Only the lines from the one containing "Tommy Hilfiger Natural" through the final line below belong in the output, copied exactly and without pictures.

## Data
* * * * * * *

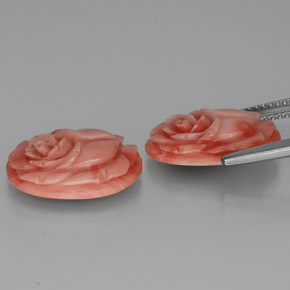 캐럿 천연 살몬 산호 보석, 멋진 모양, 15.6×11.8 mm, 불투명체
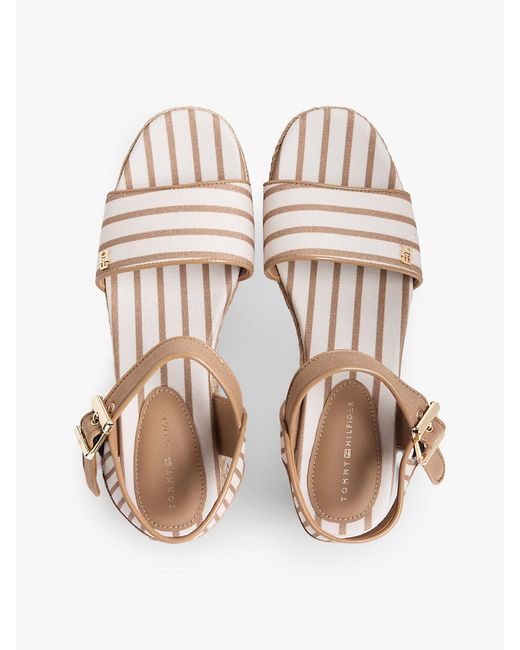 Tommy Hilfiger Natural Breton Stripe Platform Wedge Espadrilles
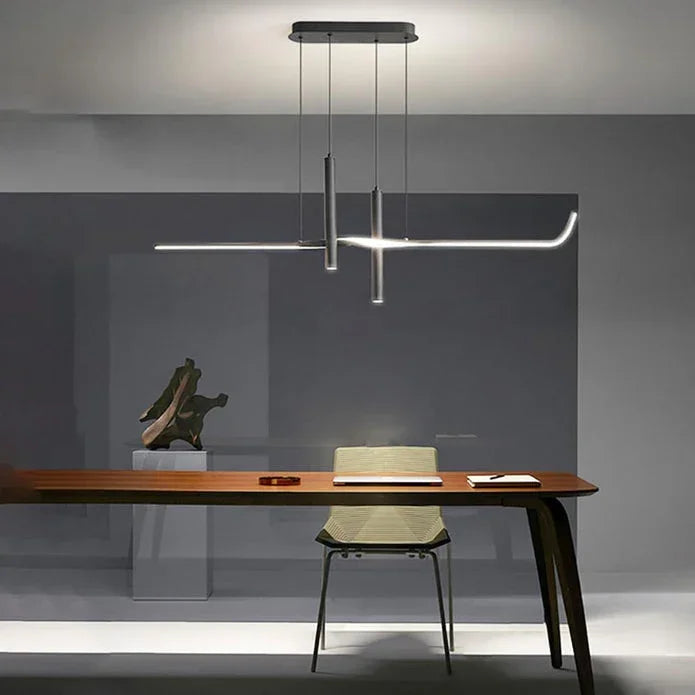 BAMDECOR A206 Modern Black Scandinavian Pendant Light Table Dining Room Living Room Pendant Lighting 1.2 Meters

* * * * * * *

## Task answer
 Tommy Hilfiger Natural Breton Stripe Platform Wedge Espadrilles
 BAMDECOR A206 Modern Black Scandinavian Pendant Light Table Dining Room Living Room Pendant Lighting 1.2 Meters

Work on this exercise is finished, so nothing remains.